> **Work order**: Don't include any picture when you restate the data word for word.

Image-caption web data
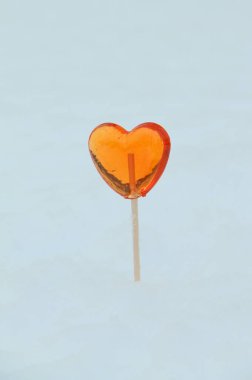 Kırmızı kalp şekilli lolipop çubukları kışın kardan çıkar.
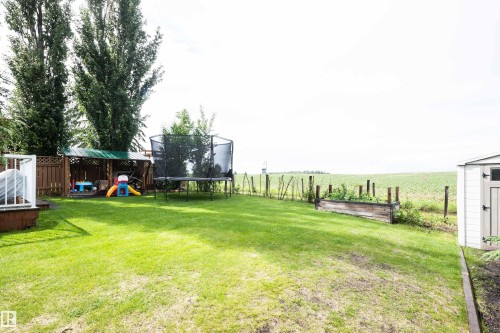 Expansive green lawn with a wooden privacy fence - 5502 60 Avenue, Barrhead, AB - Outdoor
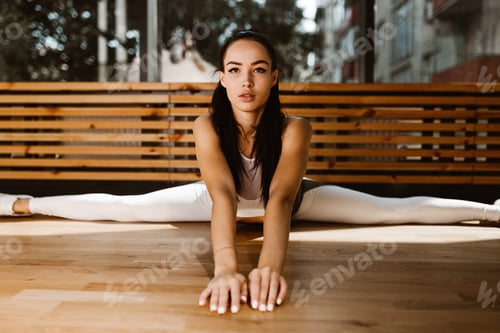 Preview: Beautiful slender dark-haired girl dressed in white sports top and tights is doing the splits in the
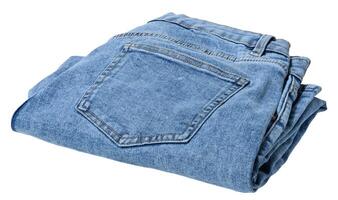 Folded pair of light blue denim jeans, isolated background photo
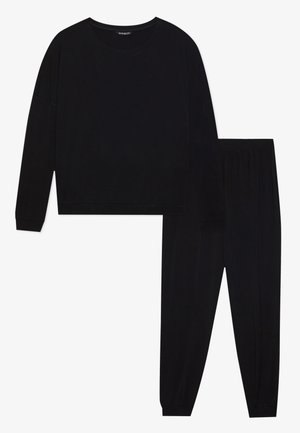 Conjunto de ropa de estar por casa en negro que incluye una camiseta de manga larga con cuello redondo y corte holgado, combinado con pantalones ajustados a juego que cuentan con una cinturilla elástica.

> **Solved problem**:
 Kırmızı kalp şekilli lolipop çubukları kışın kardan çıkar.
 Expansive green lawn with a wooden privacy fence - 5502 60 Avenue, Barrhead, AB - Outdoor
 Preview: Beautiful slender dark-haired girl dressed in white sports top and tights is doing the splits in the
 Folded pair of light blue denim jeans, isolated background photo
 Conjunto de ropa de estar por casa en negro que incluye una camiseta de manga larga con cuello redondo y corte holgado, combinado con pantalones ajustados a juego que cuentan con una cinturilla elástica.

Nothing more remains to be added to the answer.